I'v seen alot of grazy things in my days fishing. But this one i played a small part in. I was on the mo,below croton I'd been up all night picking solfshell crabs.(for sale) It was getting close to sun up so i through I'd quit. n then catch some trout for the smoker. I was in the parking lot puting my crabs n gear away, when a truck pulling a driftboat pulled in n started putting there boat in the water. I grabbed a half a doz. crabs n headed down to the river. One of the guys, will call him Mr. Pretty, this guy was dressed for the ball. Every thing new right up to the new hat full of flys on his head,n smoking a pipe. Mr. Pretty was standing in the boat,taking things (pole's etc.) from the guild n putting them in the boat. As i walked by, i said to the guild, have u cault any skams. he replied quit loud THERE'S NO SKAMS HERE. naway i walked upstream(below the bridge) made my frist cast,,wam bam jumped right out of the water n headed at their boat. I yelled FISH ON, COMING AT YA. For what ever reason the guild moved one of the poles in the boat n it cault on my line n knocked the pipe out of Mr.Pretty's mouth. The fish took off down stream like a bat out of hell. well the fish came off. I'm looking down stream, n the guild said to me I'll be keeping a look out for them fish now that i know there in here. my reply was u should keep a eye on your client, he's on fire. the smoke was rolling out of Mr. Prettys coat n scarf, Mr. Pretty starts beating his chest n screaming. The guild, he's splashing water up at Mr. Pretty, well Mr.Pretty he had just about all he could handel so he made for the water. n on his way he broke 2 poles n got there lunchs wet. as i headed back up stream. I heard Mr. Pretty say where's my pipe.


----------



## kwcharne

Last year at the Boyne, a friend in our fishing party seen a guy come down to the river with a bow-arrow set up for fishing. Take two shots at a salmon (missed), then leave. People are crazy/dumb!


----------



## Cwick925

My buddy lives up on the betsie (great property) But he has a golden retriever, When the salmon get a bit darker and slower the dog will run down in the shallows and wait for fish to come by, Grab the fish and fling em up on shore just to lick the eyes for a min then she uses her nose and pushes them back into the current... 

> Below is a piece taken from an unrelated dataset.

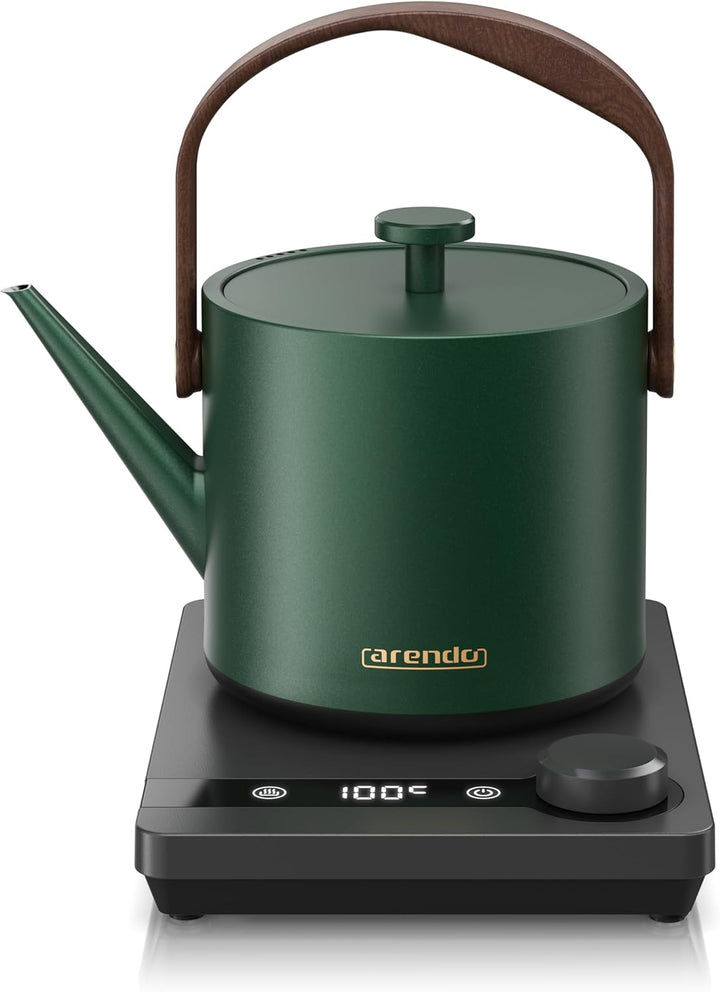Arendo - Edelstahl Wasserkocher mit Temperatureinstellung 40-100 Grad - digitale Basis - 0,6 Liter -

Not the craziest thing, But i was pretty dumb founded the first time i seen her do it.


----------



## FishMichv2

thousandcasts said:


> C'mon dude...show some love. A rod getting ripped out of someone's hand, then that someone jumping in the river after it and then landing the fish after retreiving the rod from the bottom of the river doesn't make the list? You wound me, sir! :lol:
> 
> The craziest thing ever is...check this out...we actually used to catch fish before the internet was invented. No kidding, no BS. We'd pack the car up and drive four hours if need be to fish and if one spot was dead, we'd drive some more to find fish. I'm 43 now and when I got out of high school, I started work at this factory where we worked four 10 hour days and had three day weekends. When August hit, as soon as my shift on Thursday ended, I was out of there on the road north. Sometimes I took a tent, sometimes I slept in my car, sometimes I didn't sleep at all. Peanut butter sandwiches, Gas station hot dogs and mountain dew was all we needed when something called hunger kicked in.
> 
> By God though, we had some fun and we not only found fish without the internet, but we caught 'em too! Now, ain't that the craziest **** you ever heard????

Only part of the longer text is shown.